Monatsarchiv für August 2010

Sag niemals nie! Und Update…

Nein, ich meine jetzt nicht die Ritter, die “Ni!” sagen aus “Ritter der Kokosnuss” von Monty Pythons. Ich sagte: “Keine zusätzlichen Ratten mehr - nie mehr als 21!” (Eigentlich wollte ich maximal 7, aber das ist laaaange her!)

Dienstag mittag rief mich eine Arbeitskollegin im Büro an - eine Frau, die ich nie (da ist es wieder! Nie!) mit Ratten in Verbindung gebracht hätte. Ich dachte gar nicht, dass sie überhaupt Tiere mag.

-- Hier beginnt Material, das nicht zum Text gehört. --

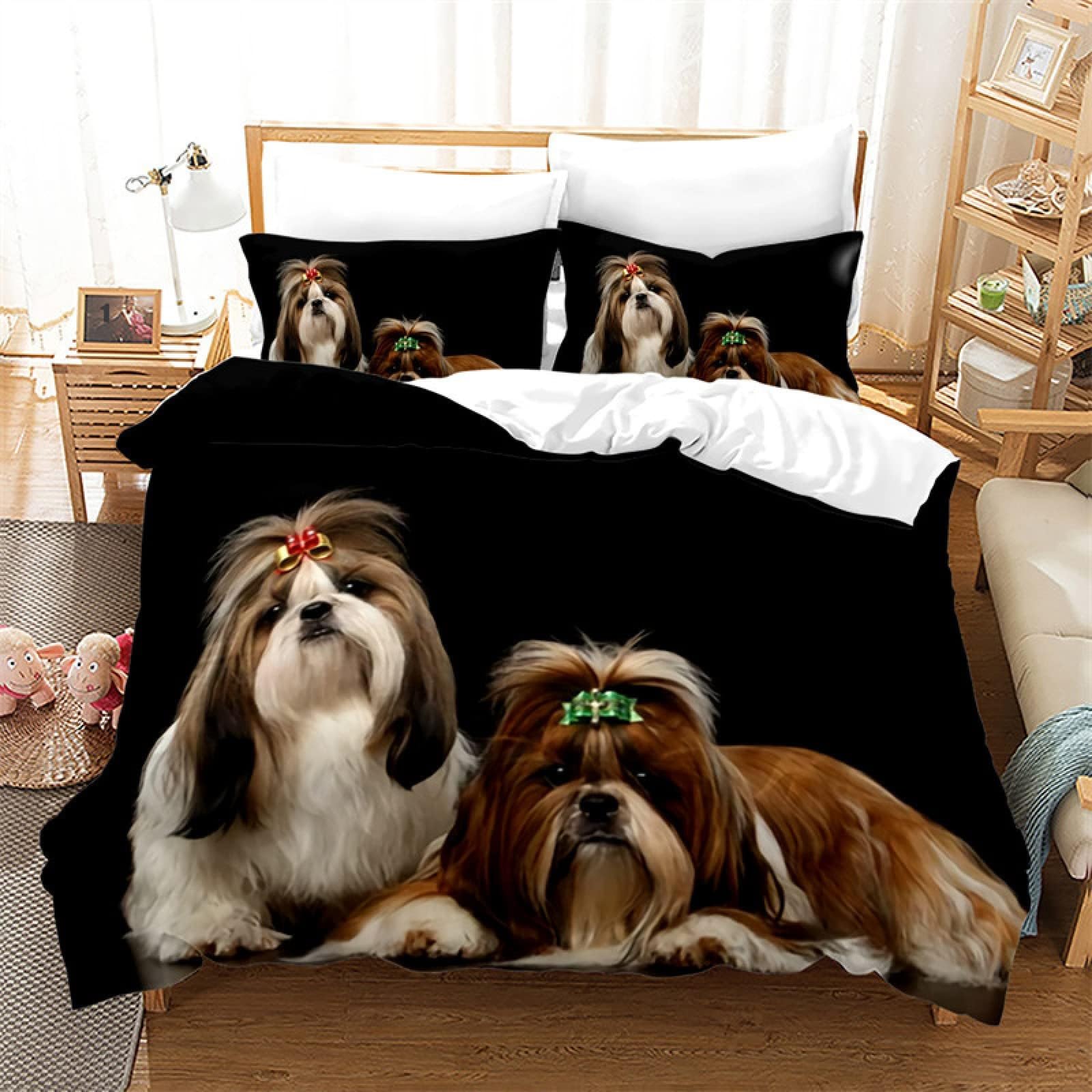 Housse de couette Shih Tzu 240x260 pour une décoration animaux cocooning et chaleureuse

Was geschah? Ihre Wohnungsnachbarin hat eine dreijährige Tochter, großer Harry Potter-Fan (demnächst kommen die Kids schon mit Blitznarbe auf die Welt und ihr erstes Wort ist entweder “Harry!” oder “Voldemort!”). Zum 3. Geburtstag bekam die Kleine einen jungen Rattenbock in Einzelhaft, und natürlich musste er “Krätze” heißen. So weit, so schlecht. Nun sind Dreijährige ja noch nicht sehr geübt in der Feinmotorik beim Zugreifen - das Kind grapschte zu, und Krätze wehrte sich und biss. Da wäre ein Stofftier wohl die sinnvollere Anschaffung gewesen!

Am Dienstag hing er dann dem Mädchen in der Hand, und es blutete beträchtlich. Meine Kollegin bekam das Geschrei mit - Kind brüllt, Mutter kreischt, Ratte quiekt. Die Mutter wollte den Ratterich aus dem Fenster werfen und hielt ihn am Schwanz raus - im Erdgeschoss, aber trotzdem… ! Meine Kollegin schob rechtzeitig einen Karton drunter und sagte “lass los, ich kümmer mich drum.” Plumps.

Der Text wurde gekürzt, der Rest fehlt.